50Pour les garçons au contraire, le rêve s’affirme quelque peu, mais reste quand même dans le flou. Une vocation est mal dégagée, ils parlent surtout d’un « travail » qui donnera l’expansion et l’abondance; alors ils seront riches, « beau gosse », avec « une belle femme », au même titre qu’« une belle voiture », une Ferrari, a-t-on précisé.
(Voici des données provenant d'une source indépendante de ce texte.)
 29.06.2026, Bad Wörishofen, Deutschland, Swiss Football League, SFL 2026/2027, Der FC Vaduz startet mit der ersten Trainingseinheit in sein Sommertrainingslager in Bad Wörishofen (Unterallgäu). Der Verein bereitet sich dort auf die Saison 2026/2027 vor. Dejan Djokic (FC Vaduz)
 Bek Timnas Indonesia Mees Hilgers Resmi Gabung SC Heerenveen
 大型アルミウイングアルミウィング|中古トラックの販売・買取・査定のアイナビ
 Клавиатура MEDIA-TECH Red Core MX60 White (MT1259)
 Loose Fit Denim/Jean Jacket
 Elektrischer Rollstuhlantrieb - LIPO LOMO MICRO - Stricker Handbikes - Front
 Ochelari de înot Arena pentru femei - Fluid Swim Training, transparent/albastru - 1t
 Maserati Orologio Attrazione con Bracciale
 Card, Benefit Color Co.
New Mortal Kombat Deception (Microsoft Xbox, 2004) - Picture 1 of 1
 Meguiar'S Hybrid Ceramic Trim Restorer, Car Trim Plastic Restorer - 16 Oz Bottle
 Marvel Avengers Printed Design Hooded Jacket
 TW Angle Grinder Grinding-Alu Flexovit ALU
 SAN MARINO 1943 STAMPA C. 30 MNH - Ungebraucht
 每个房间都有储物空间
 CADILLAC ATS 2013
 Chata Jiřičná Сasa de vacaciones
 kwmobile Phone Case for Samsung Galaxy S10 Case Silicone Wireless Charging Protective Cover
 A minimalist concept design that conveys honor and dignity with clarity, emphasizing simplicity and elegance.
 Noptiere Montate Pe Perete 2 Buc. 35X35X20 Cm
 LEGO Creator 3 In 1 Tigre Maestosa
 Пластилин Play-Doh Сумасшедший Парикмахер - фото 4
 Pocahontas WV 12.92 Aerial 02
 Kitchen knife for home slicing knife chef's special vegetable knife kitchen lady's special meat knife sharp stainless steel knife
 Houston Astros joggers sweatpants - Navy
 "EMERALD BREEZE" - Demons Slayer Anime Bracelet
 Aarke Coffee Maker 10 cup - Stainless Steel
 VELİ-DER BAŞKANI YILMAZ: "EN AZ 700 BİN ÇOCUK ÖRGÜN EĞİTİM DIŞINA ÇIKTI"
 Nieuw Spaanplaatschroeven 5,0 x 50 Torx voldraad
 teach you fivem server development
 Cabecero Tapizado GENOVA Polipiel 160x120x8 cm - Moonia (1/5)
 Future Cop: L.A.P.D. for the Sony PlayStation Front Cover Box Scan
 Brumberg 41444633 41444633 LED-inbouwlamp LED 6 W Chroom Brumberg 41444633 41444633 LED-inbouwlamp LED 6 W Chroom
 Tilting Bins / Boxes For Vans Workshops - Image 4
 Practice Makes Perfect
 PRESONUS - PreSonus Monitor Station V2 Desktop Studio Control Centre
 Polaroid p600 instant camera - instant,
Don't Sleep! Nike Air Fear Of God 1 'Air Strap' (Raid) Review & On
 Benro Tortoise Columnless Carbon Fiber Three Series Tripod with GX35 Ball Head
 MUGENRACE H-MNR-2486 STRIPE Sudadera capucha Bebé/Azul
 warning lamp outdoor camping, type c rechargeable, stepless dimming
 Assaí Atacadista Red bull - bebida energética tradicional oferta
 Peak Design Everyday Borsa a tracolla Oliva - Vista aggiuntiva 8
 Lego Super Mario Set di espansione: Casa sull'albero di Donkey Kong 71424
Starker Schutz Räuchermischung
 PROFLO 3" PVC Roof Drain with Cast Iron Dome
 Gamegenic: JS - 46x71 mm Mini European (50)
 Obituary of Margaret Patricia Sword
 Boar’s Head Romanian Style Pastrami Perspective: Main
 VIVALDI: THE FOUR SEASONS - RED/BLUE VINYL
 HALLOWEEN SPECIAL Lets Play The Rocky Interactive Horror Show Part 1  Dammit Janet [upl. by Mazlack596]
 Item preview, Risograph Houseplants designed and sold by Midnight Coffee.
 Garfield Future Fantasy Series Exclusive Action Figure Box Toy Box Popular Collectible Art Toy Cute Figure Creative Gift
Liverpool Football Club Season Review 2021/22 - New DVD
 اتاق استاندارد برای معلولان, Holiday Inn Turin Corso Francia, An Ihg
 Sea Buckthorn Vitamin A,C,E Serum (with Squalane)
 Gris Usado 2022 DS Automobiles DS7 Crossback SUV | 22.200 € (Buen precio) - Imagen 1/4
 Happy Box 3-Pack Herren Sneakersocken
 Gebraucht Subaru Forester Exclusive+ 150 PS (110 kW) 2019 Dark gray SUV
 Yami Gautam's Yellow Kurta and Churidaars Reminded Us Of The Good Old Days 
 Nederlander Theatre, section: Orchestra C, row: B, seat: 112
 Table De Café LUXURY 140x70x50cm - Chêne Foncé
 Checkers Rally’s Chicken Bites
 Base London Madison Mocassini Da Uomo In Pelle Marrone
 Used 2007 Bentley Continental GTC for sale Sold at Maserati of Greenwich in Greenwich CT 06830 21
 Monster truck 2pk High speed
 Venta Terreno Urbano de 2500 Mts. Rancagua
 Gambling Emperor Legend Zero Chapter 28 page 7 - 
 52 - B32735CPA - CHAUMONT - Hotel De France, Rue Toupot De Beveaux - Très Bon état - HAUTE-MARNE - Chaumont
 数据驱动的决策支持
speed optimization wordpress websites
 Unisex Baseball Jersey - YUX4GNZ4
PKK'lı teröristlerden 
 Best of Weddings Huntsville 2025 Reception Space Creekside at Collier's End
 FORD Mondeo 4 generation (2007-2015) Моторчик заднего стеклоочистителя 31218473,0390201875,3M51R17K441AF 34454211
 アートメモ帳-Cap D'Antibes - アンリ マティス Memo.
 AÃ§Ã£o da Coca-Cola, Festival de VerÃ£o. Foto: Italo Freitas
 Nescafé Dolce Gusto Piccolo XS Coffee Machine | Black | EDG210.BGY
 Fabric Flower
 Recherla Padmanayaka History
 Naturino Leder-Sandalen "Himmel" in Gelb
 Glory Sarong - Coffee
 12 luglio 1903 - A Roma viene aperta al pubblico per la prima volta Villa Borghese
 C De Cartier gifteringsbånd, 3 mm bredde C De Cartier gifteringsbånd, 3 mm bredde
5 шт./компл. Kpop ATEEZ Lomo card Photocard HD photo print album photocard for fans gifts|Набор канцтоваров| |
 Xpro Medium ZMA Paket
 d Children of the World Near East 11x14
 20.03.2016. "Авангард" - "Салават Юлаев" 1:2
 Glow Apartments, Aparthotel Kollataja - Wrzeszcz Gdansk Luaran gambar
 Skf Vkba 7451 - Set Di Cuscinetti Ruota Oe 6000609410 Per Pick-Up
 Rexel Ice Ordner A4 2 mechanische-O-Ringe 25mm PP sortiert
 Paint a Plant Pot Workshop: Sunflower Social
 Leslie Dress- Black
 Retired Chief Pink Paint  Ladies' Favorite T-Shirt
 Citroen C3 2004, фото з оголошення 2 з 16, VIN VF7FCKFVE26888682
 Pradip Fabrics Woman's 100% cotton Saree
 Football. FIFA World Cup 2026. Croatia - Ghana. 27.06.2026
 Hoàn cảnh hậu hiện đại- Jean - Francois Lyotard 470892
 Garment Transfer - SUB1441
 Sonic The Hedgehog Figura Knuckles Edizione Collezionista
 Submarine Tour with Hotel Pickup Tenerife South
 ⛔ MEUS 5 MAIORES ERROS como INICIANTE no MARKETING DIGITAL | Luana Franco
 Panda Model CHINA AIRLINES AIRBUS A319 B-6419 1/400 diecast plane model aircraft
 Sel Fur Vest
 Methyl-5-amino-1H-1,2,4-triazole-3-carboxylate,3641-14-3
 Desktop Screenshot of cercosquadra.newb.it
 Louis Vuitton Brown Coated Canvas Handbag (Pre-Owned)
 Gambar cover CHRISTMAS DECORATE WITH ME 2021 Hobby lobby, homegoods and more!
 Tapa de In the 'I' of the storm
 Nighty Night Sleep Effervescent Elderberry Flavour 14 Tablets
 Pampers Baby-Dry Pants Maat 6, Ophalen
51Et, en filigrane, un léger doute : y arriverai-je ? Et ceci ouvre la porte à l’entrée des garçons dans ce que nous avons appelé un temps de latence, alors que les filles en sortent brusquement.
En classe de quatrième
52Le projet personnel féminin réapparaît, ferme et rationnel. Et, collectant le maximum de réponses, il semble le plus important à cet âge. Il n’est plus du tout enfantin, pour aucune. Le souci d’indépendance est marqué pour plus de la moitié, sans que la famille d’origine soit nettement répudiée (sauf dans une réponse). Le travail nécessaire n’est pas exclu, mais il n’est pas obsédant non plus, juste réfuté par une des jeunes filles. Les « copines » réapparaissent. Guère en nombre, puisqu’elles ne sont invoquées que par le quart des sujets, mais en importance quand elles sont mentionnées : il s’agit de vivre en collaboration ou en colocation (ce qui confirme le souci d’indépendance), et on fera la fête ensemble. Le bonheur intime, qui implique l’autre sexe, devient tout à fait négligé.
53Les garçons semblent entrer à leur tour dans une certaine phase de latence, sans calquer celle des filles de la classe de 5e. Comme les filles en leur temps, ils semblent avoir perdu de vue une vocation professionnelle puisqu’elle ne concerne que le tiers des sujets. Par contre, ils connaissent, en nette majorité, la nécessaire insertion par le travail. Le souci d’indépendance gagne du terrain, manifeste dans la moitié des sujets, alors que l’évocation d’un « bonheur intime » en perd.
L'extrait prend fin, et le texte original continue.